Work task:
In your reply, print every line of the listing exactly and omit all images.
----------
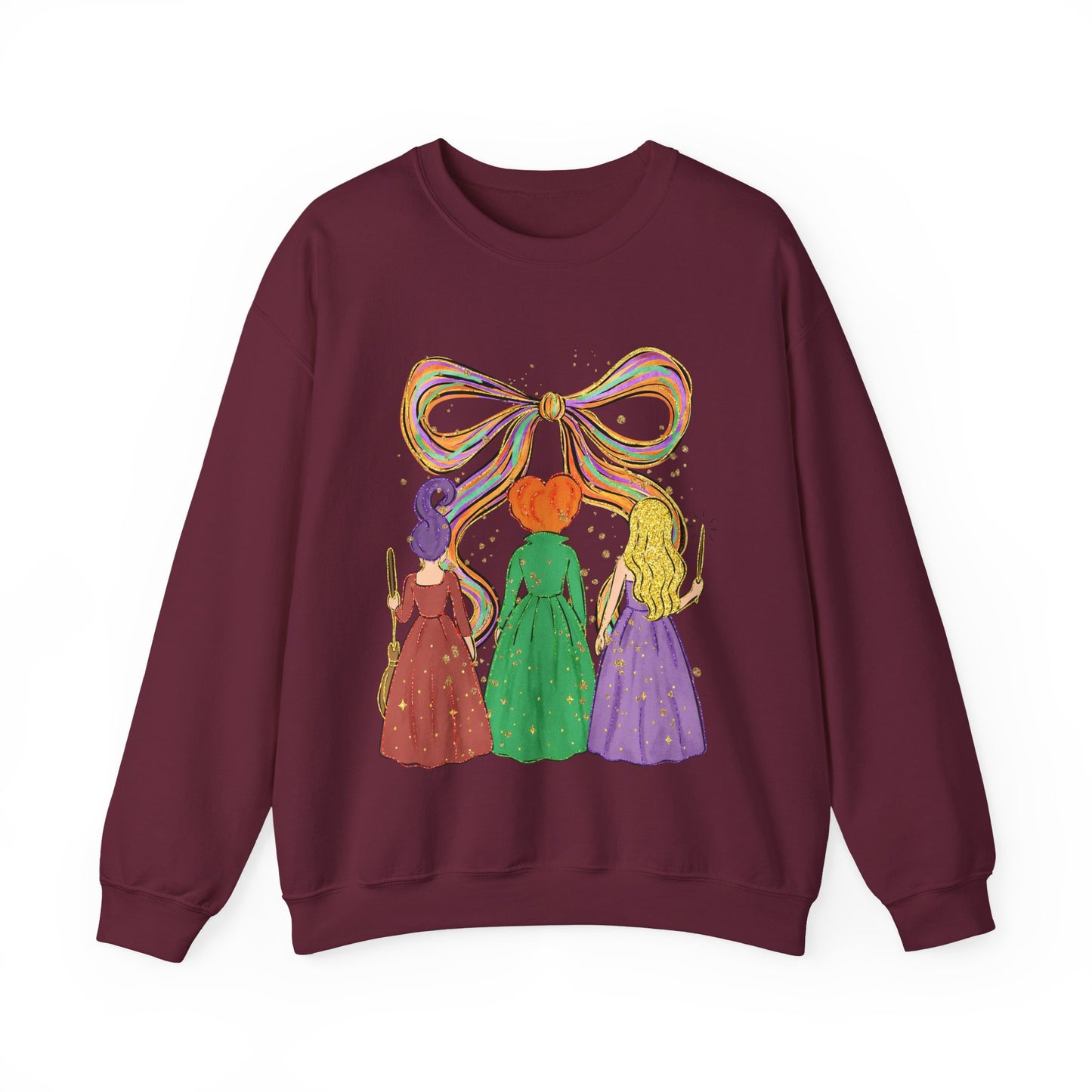 Bunch of hocus pocus Crewneck Sweatshirt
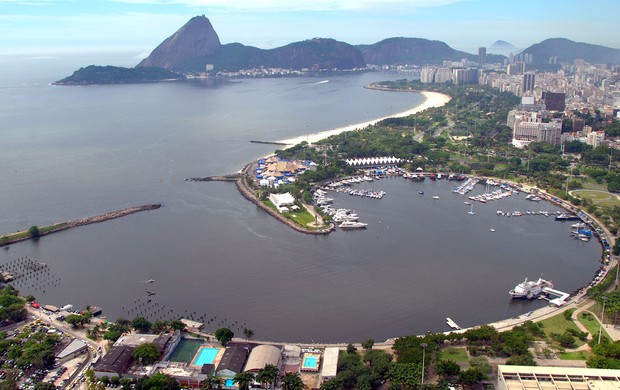 Baía de Guanabara é elogiada por bi olímpico: 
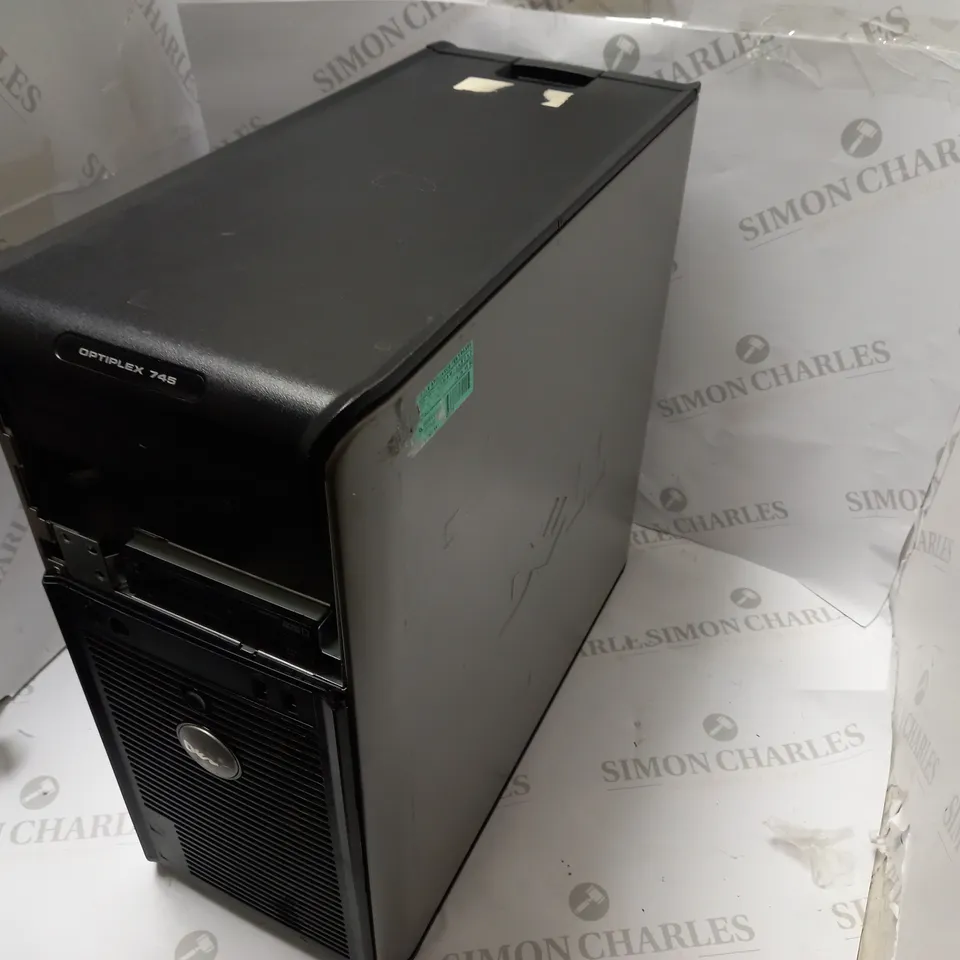 DELL OPTIPLEX 745 PC TOWER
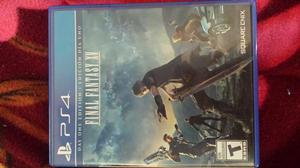 Vendo O Cambio Final Fantasy Xv One Day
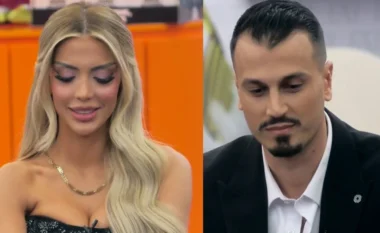 Çfarë po ndodh mes Brikenës dhe Mateos, banorja e pranon për herë të parë: Kam interes për të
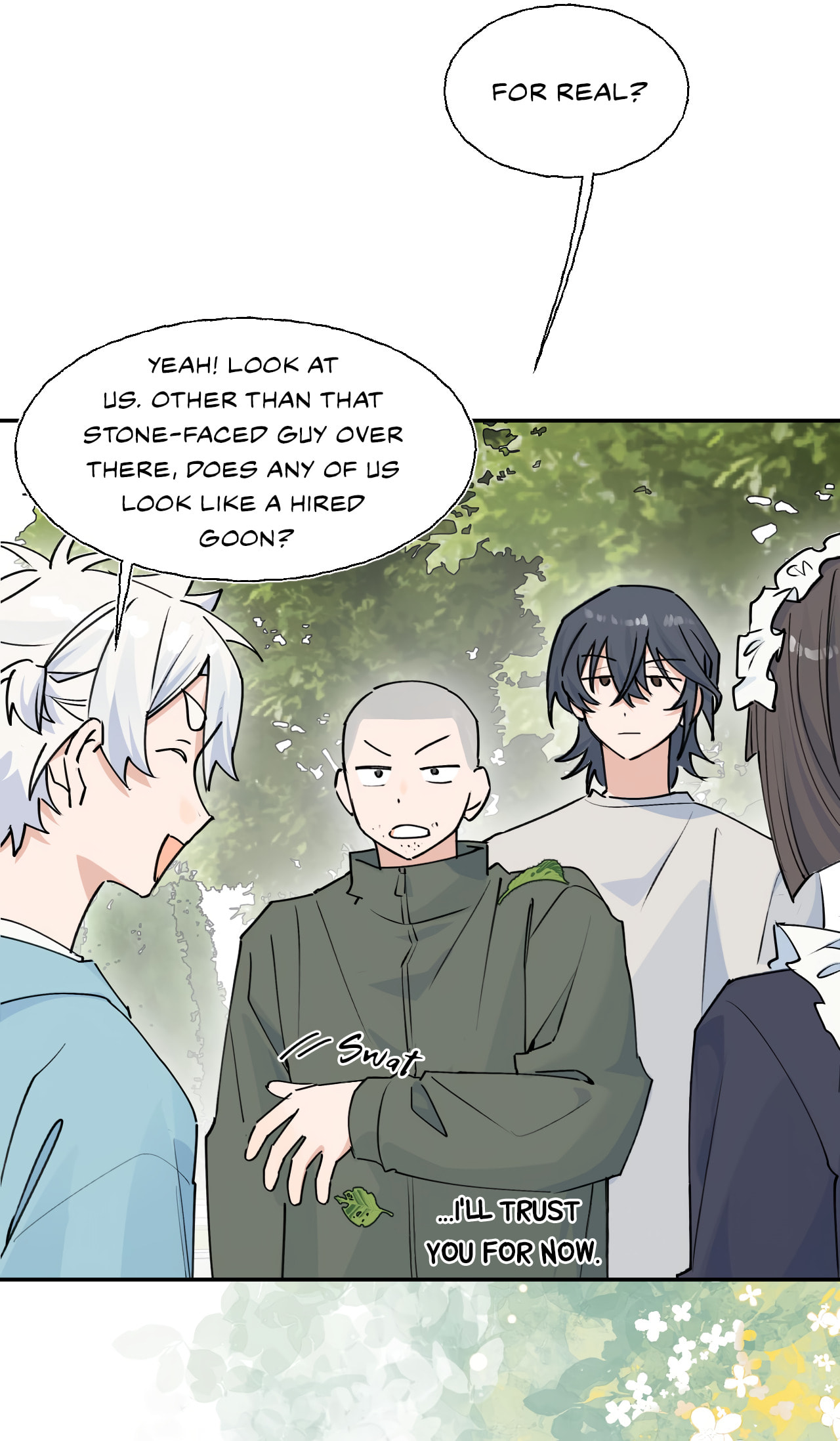 Xiao Gou Diule Hun Chapter 14 page 8 -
----------
Solution:
 Bunch of hocus pocus Crewneck Sweatshirt
 Baía de Guanabara é elogiada por bi olímpico: 
 DELL OPTIPLEX 745 PC TOWER
 Vendo O Cambio Final Fantasy Xv One Day
 Çfarë po ndodh mes Brikenës dhe Mateos, banorja e pranon për herë të parë: Kam interes për të
 Xiao Gou Diule Hun Chapter 14 page 8 -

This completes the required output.